## Task prompt
Each line of the listing below that includes "Images" must be copied.

==== Information shown ====

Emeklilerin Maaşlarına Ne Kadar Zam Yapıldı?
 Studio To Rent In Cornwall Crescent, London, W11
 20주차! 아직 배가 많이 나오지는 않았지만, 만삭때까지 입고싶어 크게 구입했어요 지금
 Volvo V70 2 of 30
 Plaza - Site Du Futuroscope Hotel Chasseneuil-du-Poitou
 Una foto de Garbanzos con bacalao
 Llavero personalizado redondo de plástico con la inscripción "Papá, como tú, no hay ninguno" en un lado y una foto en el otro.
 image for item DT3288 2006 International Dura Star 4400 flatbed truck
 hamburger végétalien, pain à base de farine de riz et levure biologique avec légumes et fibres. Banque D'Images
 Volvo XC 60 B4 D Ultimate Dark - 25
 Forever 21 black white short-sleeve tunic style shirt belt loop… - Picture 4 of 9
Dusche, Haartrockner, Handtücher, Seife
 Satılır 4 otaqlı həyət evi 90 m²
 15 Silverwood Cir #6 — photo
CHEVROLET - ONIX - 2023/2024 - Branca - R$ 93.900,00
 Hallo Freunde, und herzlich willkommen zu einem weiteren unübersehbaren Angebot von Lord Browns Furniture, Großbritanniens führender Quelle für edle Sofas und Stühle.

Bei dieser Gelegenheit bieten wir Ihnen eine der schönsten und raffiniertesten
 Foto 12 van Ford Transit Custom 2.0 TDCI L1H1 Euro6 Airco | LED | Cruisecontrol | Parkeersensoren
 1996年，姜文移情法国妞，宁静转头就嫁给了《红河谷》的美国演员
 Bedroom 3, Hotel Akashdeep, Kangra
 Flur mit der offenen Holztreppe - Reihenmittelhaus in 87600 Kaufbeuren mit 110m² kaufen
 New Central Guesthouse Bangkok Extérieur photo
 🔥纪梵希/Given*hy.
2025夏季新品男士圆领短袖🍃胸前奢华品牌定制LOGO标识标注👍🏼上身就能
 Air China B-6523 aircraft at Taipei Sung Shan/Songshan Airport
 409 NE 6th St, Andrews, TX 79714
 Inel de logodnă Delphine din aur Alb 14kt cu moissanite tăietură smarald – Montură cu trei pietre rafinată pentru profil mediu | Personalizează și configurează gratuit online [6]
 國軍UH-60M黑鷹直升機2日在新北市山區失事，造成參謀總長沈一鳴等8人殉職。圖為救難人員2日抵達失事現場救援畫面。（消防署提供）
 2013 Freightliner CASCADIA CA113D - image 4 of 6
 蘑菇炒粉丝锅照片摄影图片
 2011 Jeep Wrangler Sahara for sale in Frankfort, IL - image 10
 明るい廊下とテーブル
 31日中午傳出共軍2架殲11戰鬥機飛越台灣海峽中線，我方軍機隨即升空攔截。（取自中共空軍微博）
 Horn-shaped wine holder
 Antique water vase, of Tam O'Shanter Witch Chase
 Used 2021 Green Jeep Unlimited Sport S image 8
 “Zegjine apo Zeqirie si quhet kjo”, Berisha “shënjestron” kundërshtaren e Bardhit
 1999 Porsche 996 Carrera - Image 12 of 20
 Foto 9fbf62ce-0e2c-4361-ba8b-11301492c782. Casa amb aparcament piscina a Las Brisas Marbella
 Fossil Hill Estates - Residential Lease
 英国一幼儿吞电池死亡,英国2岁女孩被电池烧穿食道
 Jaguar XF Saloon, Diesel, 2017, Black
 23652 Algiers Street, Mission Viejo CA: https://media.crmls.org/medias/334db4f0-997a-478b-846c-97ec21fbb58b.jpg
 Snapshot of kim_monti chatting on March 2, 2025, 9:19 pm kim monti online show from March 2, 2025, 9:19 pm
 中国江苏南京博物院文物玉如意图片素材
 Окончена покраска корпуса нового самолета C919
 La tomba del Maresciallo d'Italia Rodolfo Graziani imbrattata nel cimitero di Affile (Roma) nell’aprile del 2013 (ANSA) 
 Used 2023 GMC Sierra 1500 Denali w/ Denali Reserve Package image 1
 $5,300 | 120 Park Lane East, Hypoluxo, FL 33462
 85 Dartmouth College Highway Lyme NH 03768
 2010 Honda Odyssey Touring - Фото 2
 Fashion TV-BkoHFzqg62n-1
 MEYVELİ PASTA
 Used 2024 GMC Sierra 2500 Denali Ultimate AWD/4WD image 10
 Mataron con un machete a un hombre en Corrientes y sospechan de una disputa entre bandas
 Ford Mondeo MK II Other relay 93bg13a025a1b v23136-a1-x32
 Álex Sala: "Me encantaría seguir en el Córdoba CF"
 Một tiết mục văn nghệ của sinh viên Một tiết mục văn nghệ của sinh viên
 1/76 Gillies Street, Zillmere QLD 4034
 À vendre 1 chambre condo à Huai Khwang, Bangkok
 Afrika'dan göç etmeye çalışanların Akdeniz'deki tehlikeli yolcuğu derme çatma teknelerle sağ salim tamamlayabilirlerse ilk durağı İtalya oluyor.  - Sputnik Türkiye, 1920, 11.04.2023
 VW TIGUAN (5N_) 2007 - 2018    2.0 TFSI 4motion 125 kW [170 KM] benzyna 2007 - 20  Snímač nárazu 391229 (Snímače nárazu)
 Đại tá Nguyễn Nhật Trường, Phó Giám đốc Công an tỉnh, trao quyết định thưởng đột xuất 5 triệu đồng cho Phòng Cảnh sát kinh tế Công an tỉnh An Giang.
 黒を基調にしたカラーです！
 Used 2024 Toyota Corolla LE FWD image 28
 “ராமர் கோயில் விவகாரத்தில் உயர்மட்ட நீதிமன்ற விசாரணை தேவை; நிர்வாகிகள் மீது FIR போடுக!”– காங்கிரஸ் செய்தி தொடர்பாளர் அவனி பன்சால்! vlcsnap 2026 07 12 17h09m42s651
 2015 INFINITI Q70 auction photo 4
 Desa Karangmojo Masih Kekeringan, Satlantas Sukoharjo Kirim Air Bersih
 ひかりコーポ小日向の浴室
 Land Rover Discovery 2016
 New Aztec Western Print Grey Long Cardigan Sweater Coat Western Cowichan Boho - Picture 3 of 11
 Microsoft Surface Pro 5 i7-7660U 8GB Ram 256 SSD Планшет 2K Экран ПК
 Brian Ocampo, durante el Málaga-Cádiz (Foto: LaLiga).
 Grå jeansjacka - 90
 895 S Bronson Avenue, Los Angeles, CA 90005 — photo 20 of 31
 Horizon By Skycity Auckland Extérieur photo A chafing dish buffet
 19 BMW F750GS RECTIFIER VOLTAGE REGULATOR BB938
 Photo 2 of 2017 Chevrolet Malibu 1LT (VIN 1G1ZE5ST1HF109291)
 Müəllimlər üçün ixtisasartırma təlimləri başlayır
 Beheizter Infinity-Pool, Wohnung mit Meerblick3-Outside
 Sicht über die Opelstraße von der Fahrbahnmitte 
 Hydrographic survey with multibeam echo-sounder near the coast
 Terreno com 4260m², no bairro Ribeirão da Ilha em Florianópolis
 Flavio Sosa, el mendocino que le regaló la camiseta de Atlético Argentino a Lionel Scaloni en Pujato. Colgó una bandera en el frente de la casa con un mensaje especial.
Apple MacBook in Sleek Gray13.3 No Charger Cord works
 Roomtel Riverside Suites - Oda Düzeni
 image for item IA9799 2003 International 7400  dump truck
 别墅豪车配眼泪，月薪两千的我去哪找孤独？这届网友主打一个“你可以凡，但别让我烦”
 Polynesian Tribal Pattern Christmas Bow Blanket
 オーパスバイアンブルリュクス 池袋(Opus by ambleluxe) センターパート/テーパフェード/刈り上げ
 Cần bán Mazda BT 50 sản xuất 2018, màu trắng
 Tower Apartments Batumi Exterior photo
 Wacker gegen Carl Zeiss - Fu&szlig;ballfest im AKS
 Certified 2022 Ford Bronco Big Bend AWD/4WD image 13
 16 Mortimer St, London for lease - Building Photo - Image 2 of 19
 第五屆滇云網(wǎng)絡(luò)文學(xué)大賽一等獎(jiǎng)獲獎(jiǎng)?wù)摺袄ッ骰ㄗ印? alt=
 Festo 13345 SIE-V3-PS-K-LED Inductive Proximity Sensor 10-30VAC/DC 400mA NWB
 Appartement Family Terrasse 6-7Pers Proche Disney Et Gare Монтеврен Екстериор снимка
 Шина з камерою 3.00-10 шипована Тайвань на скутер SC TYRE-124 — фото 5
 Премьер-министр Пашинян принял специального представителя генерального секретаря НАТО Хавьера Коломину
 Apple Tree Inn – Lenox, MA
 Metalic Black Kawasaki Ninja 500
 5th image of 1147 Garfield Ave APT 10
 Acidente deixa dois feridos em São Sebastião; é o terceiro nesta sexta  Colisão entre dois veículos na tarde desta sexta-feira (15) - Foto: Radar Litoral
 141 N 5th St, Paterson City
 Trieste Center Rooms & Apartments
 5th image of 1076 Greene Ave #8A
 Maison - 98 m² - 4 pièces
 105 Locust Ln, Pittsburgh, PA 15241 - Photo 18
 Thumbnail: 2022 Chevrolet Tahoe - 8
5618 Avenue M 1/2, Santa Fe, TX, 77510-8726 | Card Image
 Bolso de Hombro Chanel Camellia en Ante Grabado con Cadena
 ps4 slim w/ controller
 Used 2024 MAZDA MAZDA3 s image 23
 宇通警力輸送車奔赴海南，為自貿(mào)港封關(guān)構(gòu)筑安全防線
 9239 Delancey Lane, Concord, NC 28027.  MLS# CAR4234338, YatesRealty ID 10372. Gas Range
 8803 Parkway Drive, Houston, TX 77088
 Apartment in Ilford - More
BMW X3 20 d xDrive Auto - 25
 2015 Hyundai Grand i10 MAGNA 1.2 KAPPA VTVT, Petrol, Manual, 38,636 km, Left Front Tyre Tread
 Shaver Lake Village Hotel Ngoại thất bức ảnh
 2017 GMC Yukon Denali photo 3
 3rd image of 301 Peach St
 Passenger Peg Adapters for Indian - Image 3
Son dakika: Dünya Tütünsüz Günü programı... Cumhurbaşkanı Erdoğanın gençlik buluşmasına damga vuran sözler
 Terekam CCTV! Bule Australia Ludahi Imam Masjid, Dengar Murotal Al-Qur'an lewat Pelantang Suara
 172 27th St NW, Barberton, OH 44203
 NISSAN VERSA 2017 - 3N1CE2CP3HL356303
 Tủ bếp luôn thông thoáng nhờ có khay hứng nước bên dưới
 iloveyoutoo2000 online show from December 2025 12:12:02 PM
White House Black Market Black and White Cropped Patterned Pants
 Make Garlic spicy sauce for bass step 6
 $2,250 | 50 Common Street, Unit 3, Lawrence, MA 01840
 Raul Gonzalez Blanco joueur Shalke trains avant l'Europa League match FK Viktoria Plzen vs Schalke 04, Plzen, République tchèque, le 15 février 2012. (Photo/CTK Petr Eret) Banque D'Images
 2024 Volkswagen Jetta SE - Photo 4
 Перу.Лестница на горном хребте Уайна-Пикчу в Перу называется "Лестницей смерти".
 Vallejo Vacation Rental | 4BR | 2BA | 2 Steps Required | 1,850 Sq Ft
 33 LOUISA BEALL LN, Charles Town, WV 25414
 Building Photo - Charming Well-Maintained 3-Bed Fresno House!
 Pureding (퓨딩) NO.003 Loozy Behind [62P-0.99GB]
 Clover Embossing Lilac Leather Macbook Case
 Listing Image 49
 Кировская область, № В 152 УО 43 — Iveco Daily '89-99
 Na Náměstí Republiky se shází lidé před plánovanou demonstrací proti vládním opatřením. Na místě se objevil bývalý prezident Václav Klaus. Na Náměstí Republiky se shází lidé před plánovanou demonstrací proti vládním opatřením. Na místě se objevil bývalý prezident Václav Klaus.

====

## Problem solution
 hamburger végétalien, pain à base de farine de riz et levure biologique avec légumes et fibres. Banque D'Images
 Raul Gonzalez Blanco joueur Shalke trains avant l'Europa League match FK Viktoria Plzen vs Schalke 04, Plzen, République tchèque, le 15 février 2012. (Photo/CTK Petr Eret) Banque D'Images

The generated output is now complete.